- Trebanos Location within Neath Port Talbot
- OS grid reference: SN721040
- Principal area: Neath Port Talbot;
- Preserved county: West Glamorgan;
- Country: Wales
- Sovereign state: United Kingdom
- Post town: SWANSEA
- Postcode district: SA8
- Dialling code: 01792
- Police: South Wales
- Fire: Mid and West Wales
- Ambulance: Welsh
- UK Parliament: Brecon, Radnor and Cwm Tawe,;

= Trebanos =

Village in Neath Port Talbot, Wales

Trebanos (Trebannws) is a village in the Swansea Valley, Wales. With Craig Trebanos and a part of Pontardawe, it forms the Trebanos electoral ward in the Neath Port Talbot county borough.

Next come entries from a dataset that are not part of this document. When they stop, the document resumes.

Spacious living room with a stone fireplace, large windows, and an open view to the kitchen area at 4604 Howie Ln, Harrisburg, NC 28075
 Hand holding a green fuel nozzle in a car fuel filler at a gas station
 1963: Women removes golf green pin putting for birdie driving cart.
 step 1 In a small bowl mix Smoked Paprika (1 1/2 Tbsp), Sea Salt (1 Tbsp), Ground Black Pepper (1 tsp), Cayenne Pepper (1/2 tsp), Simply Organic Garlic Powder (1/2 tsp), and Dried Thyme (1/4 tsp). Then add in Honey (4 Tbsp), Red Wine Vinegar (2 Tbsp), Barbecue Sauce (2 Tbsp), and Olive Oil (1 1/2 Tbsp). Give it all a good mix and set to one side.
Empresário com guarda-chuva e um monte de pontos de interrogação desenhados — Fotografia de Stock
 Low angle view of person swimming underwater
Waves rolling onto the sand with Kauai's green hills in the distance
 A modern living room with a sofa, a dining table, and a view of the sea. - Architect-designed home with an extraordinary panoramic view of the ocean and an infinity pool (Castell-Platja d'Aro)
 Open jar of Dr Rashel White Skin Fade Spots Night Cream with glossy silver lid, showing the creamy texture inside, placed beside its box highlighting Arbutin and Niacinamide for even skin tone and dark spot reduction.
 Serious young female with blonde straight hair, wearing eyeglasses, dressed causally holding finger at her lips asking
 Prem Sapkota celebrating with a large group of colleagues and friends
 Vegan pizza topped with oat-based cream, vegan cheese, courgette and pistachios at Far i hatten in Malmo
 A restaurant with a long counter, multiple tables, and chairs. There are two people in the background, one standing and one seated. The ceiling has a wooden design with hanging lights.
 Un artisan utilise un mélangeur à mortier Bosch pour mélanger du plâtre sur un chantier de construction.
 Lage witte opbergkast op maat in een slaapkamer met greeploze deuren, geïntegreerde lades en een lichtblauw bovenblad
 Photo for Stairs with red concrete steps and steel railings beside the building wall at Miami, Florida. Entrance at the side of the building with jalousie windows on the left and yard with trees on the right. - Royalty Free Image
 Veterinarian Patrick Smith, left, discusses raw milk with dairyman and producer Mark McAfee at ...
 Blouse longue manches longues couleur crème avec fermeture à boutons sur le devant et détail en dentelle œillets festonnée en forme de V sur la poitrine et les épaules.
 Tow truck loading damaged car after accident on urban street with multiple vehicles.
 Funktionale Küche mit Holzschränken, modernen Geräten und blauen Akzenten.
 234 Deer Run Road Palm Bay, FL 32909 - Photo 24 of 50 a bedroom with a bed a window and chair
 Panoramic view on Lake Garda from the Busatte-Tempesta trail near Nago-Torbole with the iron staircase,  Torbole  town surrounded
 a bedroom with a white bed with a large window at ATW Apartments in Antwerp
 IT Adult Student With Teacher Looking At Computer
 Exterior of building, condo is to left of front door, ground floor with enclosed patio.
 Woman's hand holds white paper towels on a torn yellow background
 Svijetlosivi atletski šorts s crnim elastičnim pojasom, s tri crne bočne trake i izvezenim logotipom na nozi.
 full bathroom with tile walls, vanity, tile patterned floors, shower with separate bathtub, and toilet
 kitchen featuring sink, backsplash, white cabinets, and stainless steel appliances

Controversy and opposition concerning the South Wales Gas Pipeline passing through the village led to media attention for the village and a protest camp in 2006 and 2007.

== Name ==
The village's name in standard Welsh is 'Trebannws'. But in the Welsh-language dialect of the area, there is a tendency to pronounce the final vowel as an 'o'. This has given rise to the form 'Trebanos', which is the form usually used in English.

== Education ==
A Welsh-medium primary school, Ysgol Gynradd Gymraeg Trebanos, is located in the village.

== Sport ==
Trebanos is home to the rugby union club Trebanos RFC. Founded in 1887, as of May 2025 it plays in the WRU Championship West league.

== Notable residents ==
Notable people from Trebanos include rugby union players Bleddyn Bowen, who captained Wales to the 1988 Triple Crown; Robert Jones, who was capped for Wales 54 times and helped win the 1988 Triple Crown; fly-half Arwel Thomas, who was capped for Wales 23 times; and openside flanker Justin Tipuric.

Greg Thomas, a first-class cricketer and fast bowler, was born in Trebanos.

Actress Harriet Lewis, who played Maggie Post in the Welsh soap opera Pobol y Cwm, was born in Trebanos.